For anyone interested in Machine Learning let me again link to the entire lecture series from Stanford.

http://itunes.apple.com/WebObjects/MZStore.woa/wa/viewiTunes...


Andrew Moore's lecture slides are also very useful: http://www.autonlab.org/tutorials/index.html


youtube playlist for those who prefer to download flash instead of itunes (at least flash has open alternatives and don't hijack my whole computer)

http://www.youtube.com/view_play_list?p=A89DCFA6ADACE599

class info: http://www.stanford.edu/class/cs229/


AARGGH! I paid close to a hundred bucks for the Tibshirani book a few years ago! On the plus side, I think it's a beautiful, beautiful machine learning book that is a welcome replacement to Tom Mitchell's book, which is showing its age. I highly recommend the Tibshirani et al. book to anyone with college-level math and a desire to understand what the hell this machine learning thing REALLY is.

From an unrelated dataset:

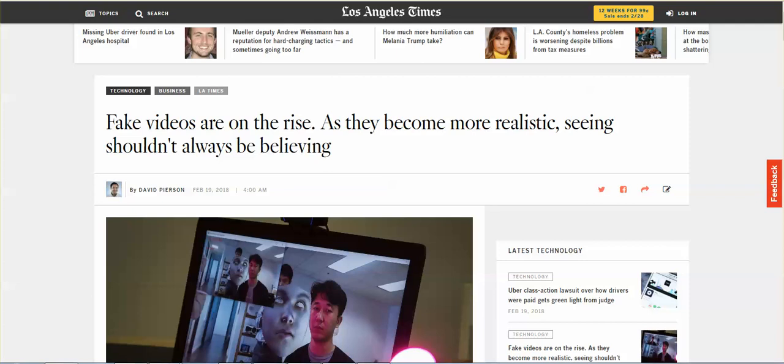I'm sorry, I forgot to include this in my last video, so this is an addendum to my last video. Fake videos are on the rise. As they become more realistic, seeing shouldn't always be believing.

Not free, but I highly recommend "Programming Collective Intelligence" if you are looking for python examples applicable to web applications. http://oreilly.com/catalog/9780596529321


That book has the worst Python code ever in a print publication.


The book is quite approachable for people who are curious about ML and don't necessarily have a strong math background, though. After reading it, other ML literature has been quite a bit easier for me to follow.

In its defense, I think the Python code was written to be readable, rather than necessarily idiomatic. I started doing the exercises in Lua, and haven't had a hard time translating them thus far.


I'm not a computer scientist nor really a programmer and I found it very readable. Care to elaborate?


I read it when it came out which was a while ago. I found it to be very unidiomatic Python at the time.

More critique at http://news.ycombinator.com/item?id=208895 if you'll chase the parent links.


Idiomatic, no (agreed). Very readable, yes (I think the style was intentional). For tutorials, I generally implement everything myself as part of the learning process and avoid source copy-pasting. So I wasn't irked but YMMV depending on learning style.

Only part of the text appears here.